● Problem details
Nothing outside the range below should be printed. Output exactly the lines from the line with "Image 4 of Sub800" to the line with "Hajj And Umrah", both included.

● Records provided

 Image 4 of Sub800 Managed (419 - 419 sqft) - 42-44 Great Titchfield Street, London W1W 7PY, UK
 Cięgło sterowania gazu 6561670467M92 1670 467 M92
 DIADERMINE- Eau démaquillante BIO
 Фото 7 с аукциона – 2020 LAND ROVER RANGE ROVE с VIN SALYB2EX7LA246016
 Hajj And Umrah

* * *

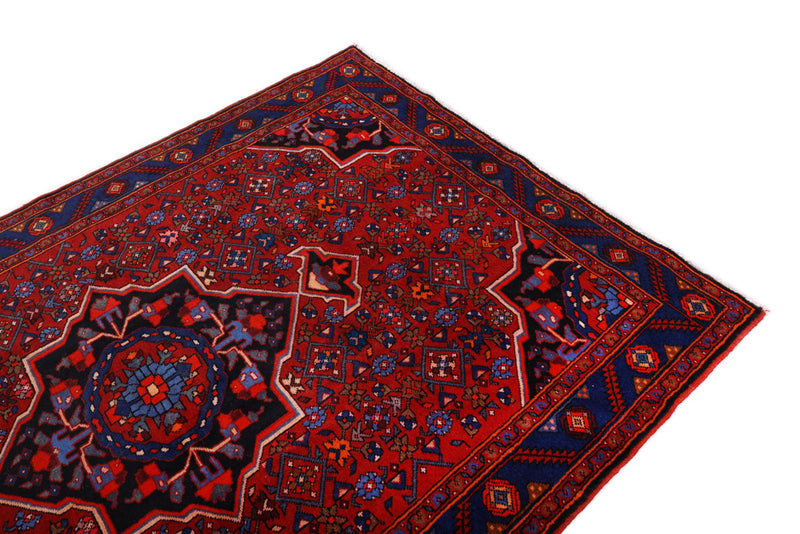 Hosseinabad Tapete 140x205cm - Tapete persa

● Answer to this exercise
 Image 4 of Sub800 Managed (419 - 419 sqft) - 42-44 Great Titchfield Street, London W1W 7PY, UK
 Cięgło sterowania gazu 6561670467M92 1670 467 M92
 DIADERMINE- Eau démaquillante BIO
 Фото 7 с аукциона – 2020 LAND ROVER RANGE ROVE с VIN SALYB2EX7LA246016
 Hajj And Umrah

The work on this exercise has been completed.